● Required action:
Exactly as written, transcribe the data from its opening line through the line containing "High Brightness Wash". Leave every picture out.

● Scraped caption text data:

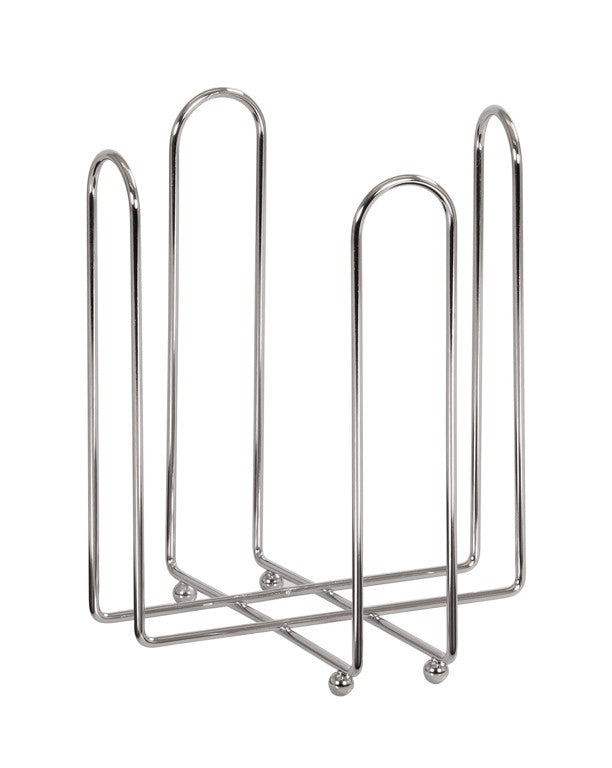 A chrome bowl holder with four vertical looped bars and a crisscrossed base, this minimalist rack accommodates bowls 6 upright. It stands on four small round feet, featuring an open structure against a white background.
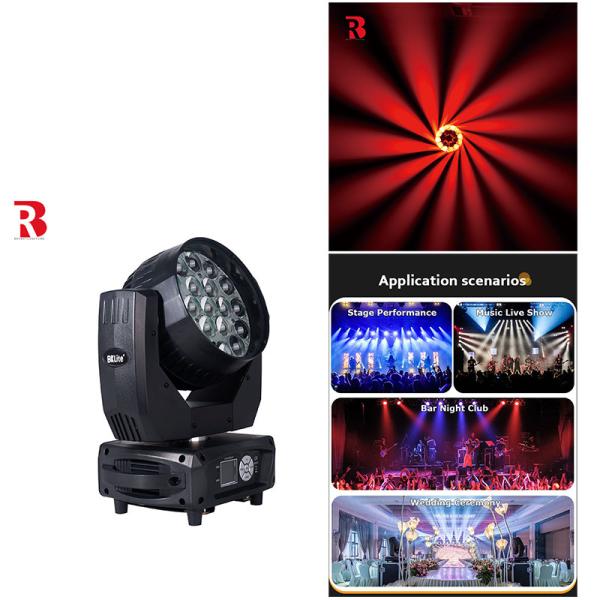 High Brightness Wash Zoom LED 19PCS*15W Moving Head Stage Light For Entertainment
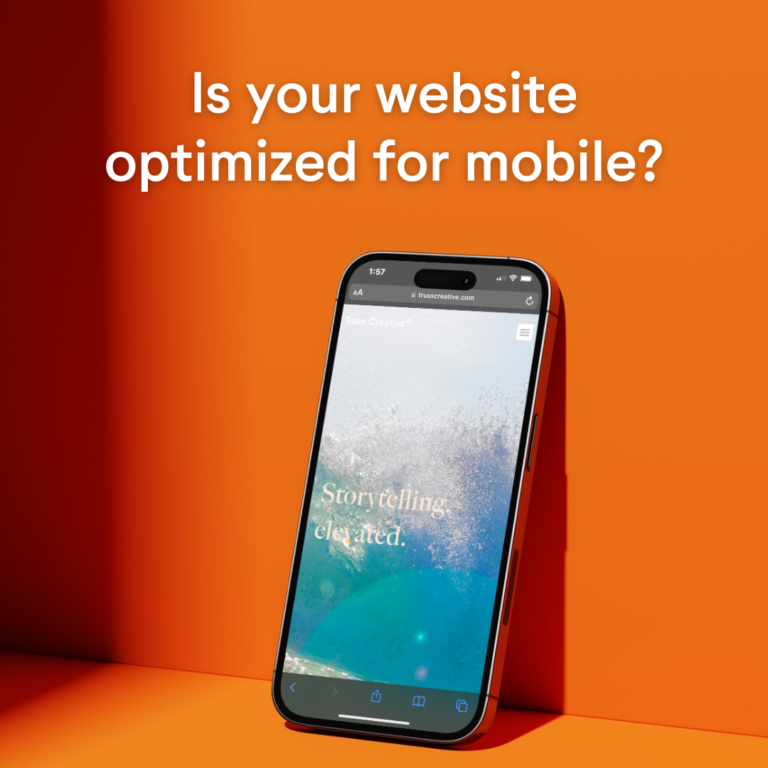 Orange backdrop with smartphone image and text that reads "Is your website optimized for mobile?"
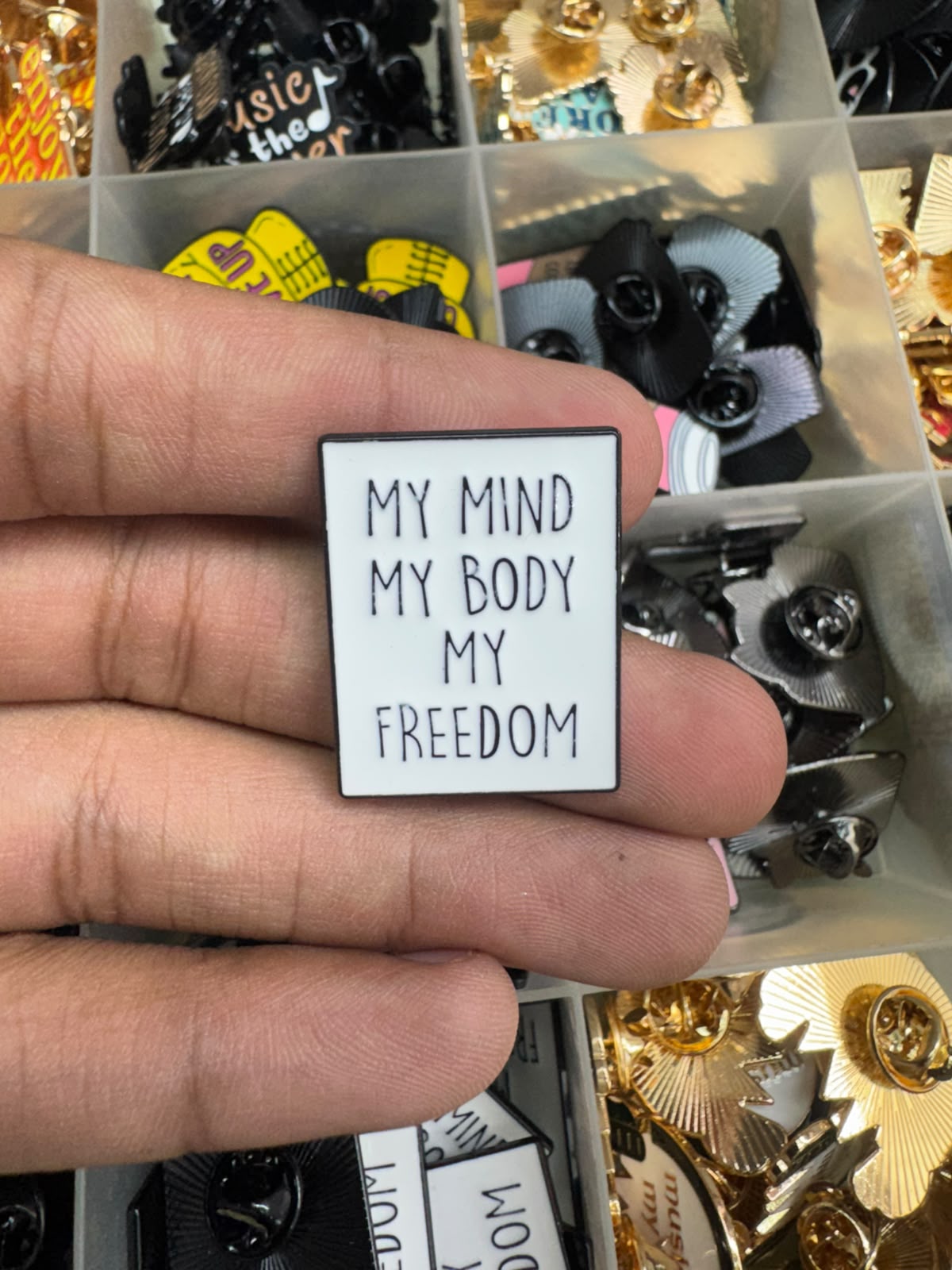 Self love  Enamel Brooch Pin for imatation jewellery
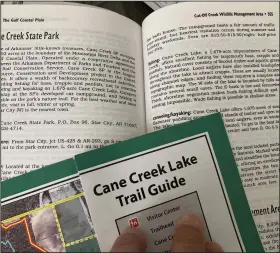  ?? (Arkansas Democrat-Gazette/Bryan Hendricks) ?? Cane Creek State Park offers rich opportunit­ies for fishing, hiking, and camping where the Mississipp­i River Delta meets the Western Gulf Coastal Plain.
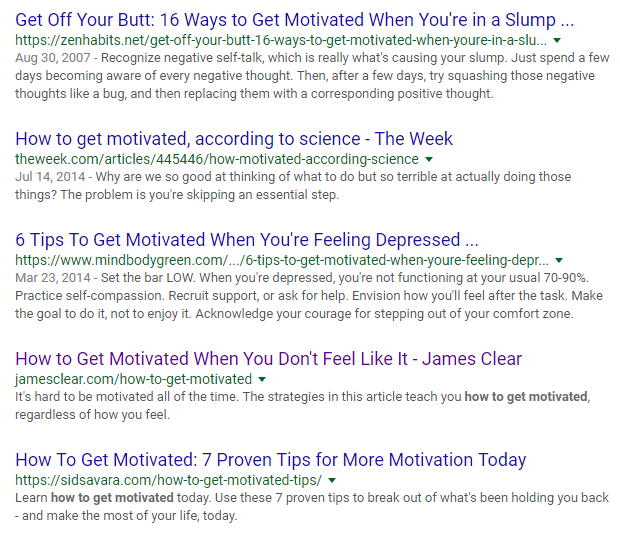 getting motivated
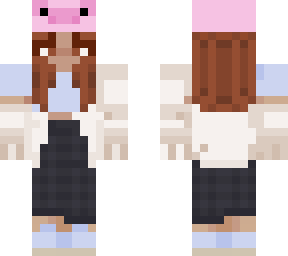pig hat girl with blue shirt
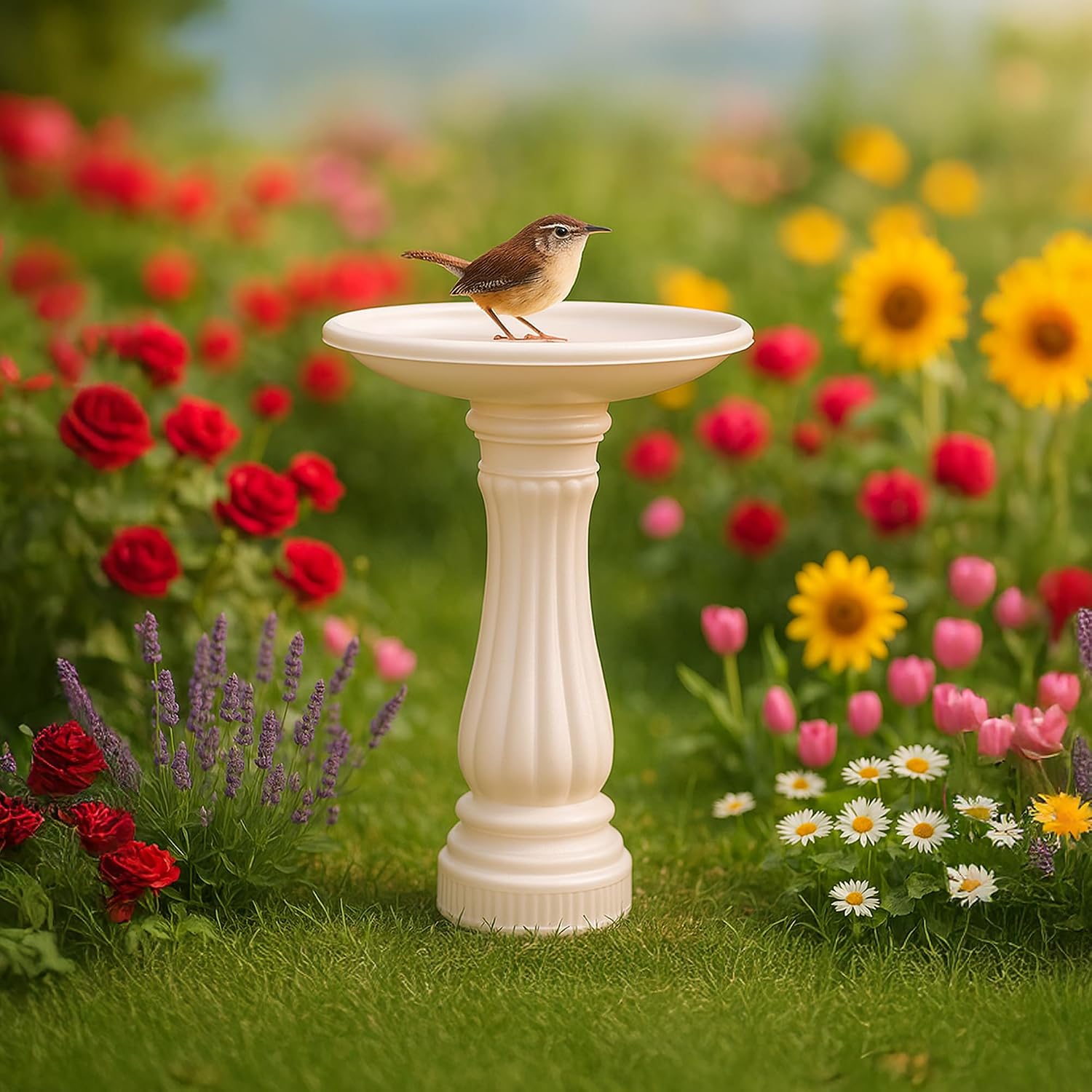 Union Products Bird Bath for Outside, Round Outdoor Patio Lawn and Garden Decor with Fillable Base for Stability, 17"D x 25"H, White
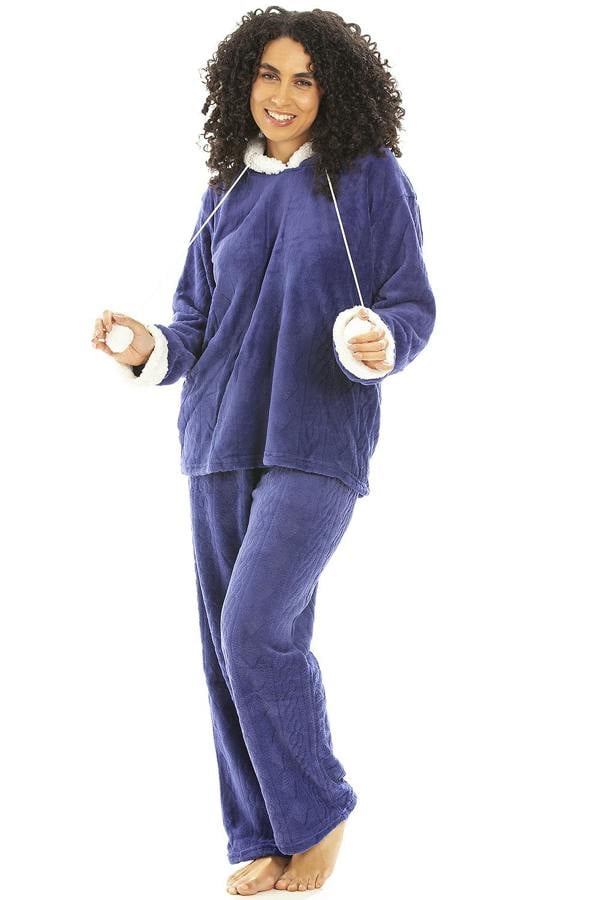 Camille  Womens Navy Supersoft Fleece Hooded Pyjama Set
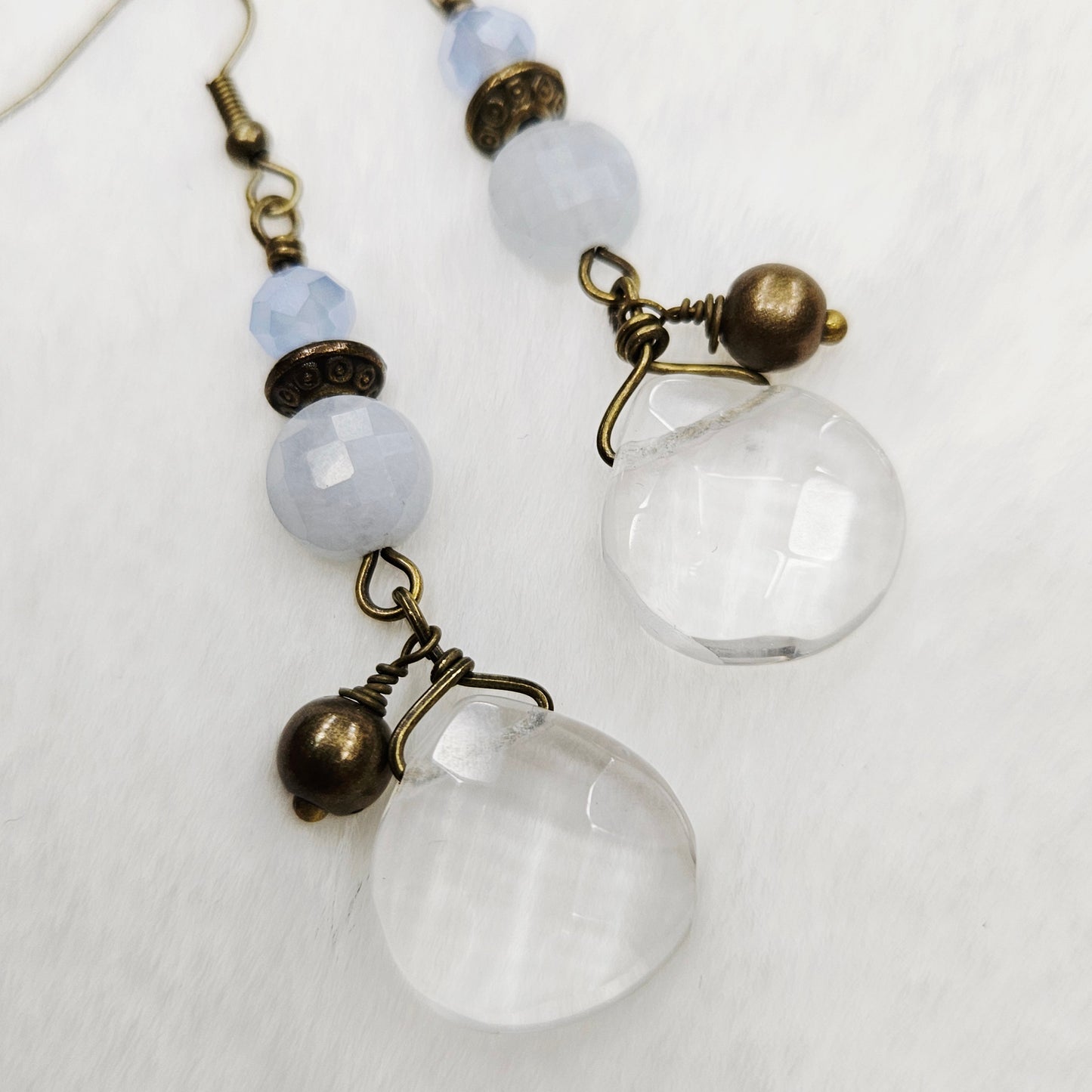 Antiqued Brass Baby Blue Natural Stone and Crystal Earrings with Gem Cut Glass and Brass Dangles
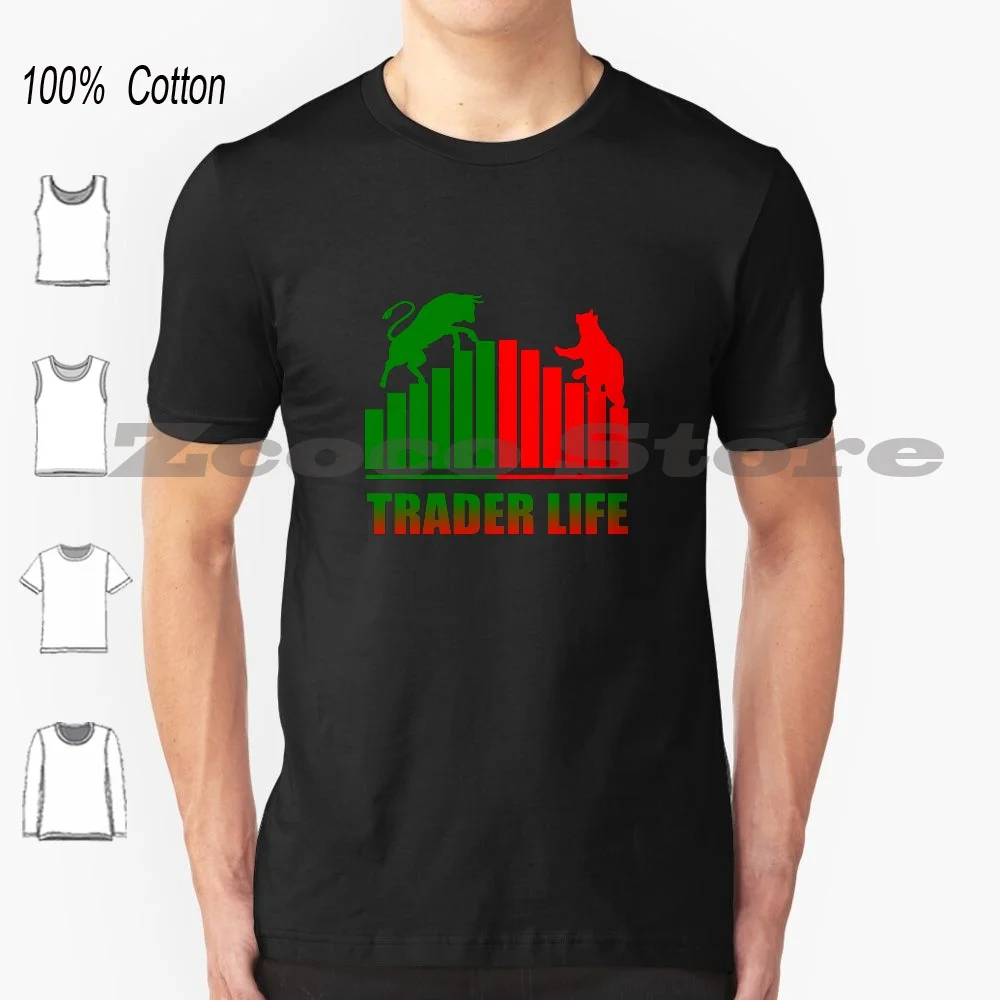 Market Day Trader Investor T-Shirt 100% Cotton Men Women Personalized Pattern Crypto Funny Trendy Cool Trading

● Reply to the task:
 A chrome bowl holder with four vertical looped bars and a crisscrossed base, this minimalist rack accommodates bowls 6 upright. It stands on four small round feet, featuring an open structure against a white background.
 High Brightness Wash Zoom LED 19PCS*15W Moving Head Stage Light For Entertainment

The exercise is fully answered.